The Paris-Roubaix race is often called "L'enfer du Nord":  the Hell of the North. This "classic," a long one-day road race, is held early in the Spring and has run through all kinds of weather, from snowstorms to heat waves.  It also includes mud and some of the roughest cobblestone roads in Europe.  Many riders who excelled in other kinds of races avoided Paris-Roubaix, or didn't fare well in it:  Bernard Hinault, arguably the most dominant racer not named Eddy Mercx (and, like Mercx, a five-time Tour de France winner) entered P-R only once.  He won, but vowed never to ride it again, in part because the tendinitis that afflicted his knees was aggravated by the vibration of the cobblestones and the weather

If P-R is the "Hell" of the North, Belgium's Ghent-Wevelgem might be its Purgatory.  The annual race winds through Flandrian towns anc countryside and includes those notorious those notorious  Belgian cobblestones that challenge the best dental work as well as other parts of riders' bodies.

The Paris-Roubaix and Ghent-Wevelgem are, like other classics including  Milan-San Remo,  considered Tour-level (elite) races.  For decades, they were dominated by riders from  northern and western European countries like Belgium, France and Italy.  Since the fall of the Soviet Union, riders from former Bloc countries have made their mark, as they have in the Grand Tours (Tour de France, Giro d'Italia, Vuelta a Espana).  So have cyclists from the Americas, mainly the US, Canada, Mexico and Colombia.
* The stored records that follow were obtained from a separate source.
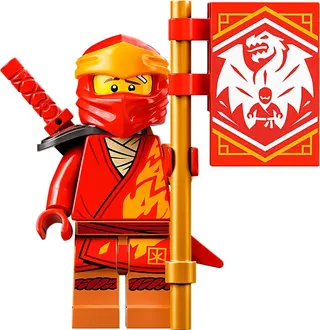 Kais Feuerdrache EVO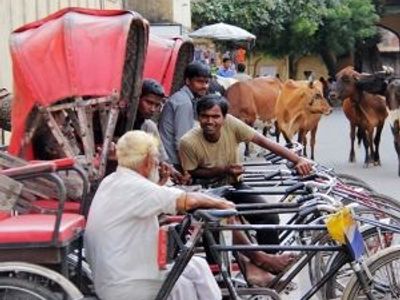 Avant de partir en Inde du Nord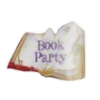 Книжная Вечеринка - Book Party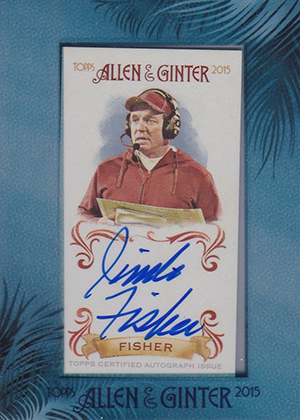 Get to Know the 2015 Topps Allen & Ginter Non-Baseball Autographs 19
For a long time, observers believed that the first non-European or American riders to establish a presence in the European racing circuit would come from Japan, which has long had a strong tradition of cycling.  Also, China looked ready to become a cycling powerhouse because they have done so in other sports and it, like Japan, has a long tradition of cycling.

Perhaps they, or some other Asian country, will infiltrate the ranks of Tour-level riders.  But, perhaps not surprisingly, the latest cyclist to interrupt the European hegemony has come from a place that, however quietly, has been turning out other world-class athletes.

Yesterday, Biniam Girmay defeated favorites Christophe Laporte of France and Belgian Dries van Gestel in the latest edition of Ghent-Wevelgem.  The 21-year-old hails from Eritrea, an East African country across the Red Sea from Yemen.  He rode with a mastery and discipline that belied his youth:  Although he mastered the cobblestones, he left enough in the tank for a perfect sprint finish.


Biniam Girmay (l) celebrates his victory.  Photo by Kurt Desplenter, for Agence France- Presse.


Perhaps this is a sign that the World Championship will one day live up to its name--in cycling as well as other sports.